Cornwall. Bind him, I say.

Regan. Hard, hard: – O filthy traitor!

Gloster. Unmerciful lady as you are, I am none.

Cornwall. To this chair bind him: – Villain, thou shalt find – [REGAN plucks his beard].

Gloster. By the KIND gods [for these are the gods, whose 'Commission' is sitting here]'tis most ignobly done, To pluck me by the beard.

Regan. So white, and such a traitor!

Gloster. Naughty lady, These hairs, which thou dost ravish from my chin, Will quicken and accuse thee. I am your host: With robber hands, my hospitable favours You should not ruffle thus.

Tied to the stake, questioned and cross-questioned, and insulted, finally, beyond even his faculty of endurance, he breaks forth, at last, in strains of indignation that overleap all arbitrary and conventional bounds, that are only the more terrible for having been so long suppressed.
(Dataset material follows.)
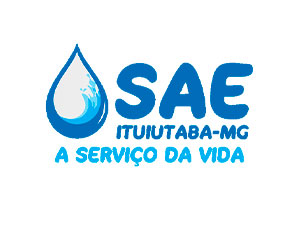 Logo Superintendência de Água e Esgoto de Ituiutaba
Kent himself, when he 'came between the dragon and his wrath,' was not so fierce.

Cornwall. Where hast thou sent the king?

Gloster. To Dover.

Regan. Wherefore To Dover, was't thou not charged at peril? —

Cornwall. Wherefore to Dover? Let him first answer that.

Regan. Wherefore to Dover?

Gloster. Because I would not see thy cruel nails Pluck out his poor old eyes, nor thy fierce sister In his anointed flesh stick boarish fangs.

Regan. One side will mock another; the other too.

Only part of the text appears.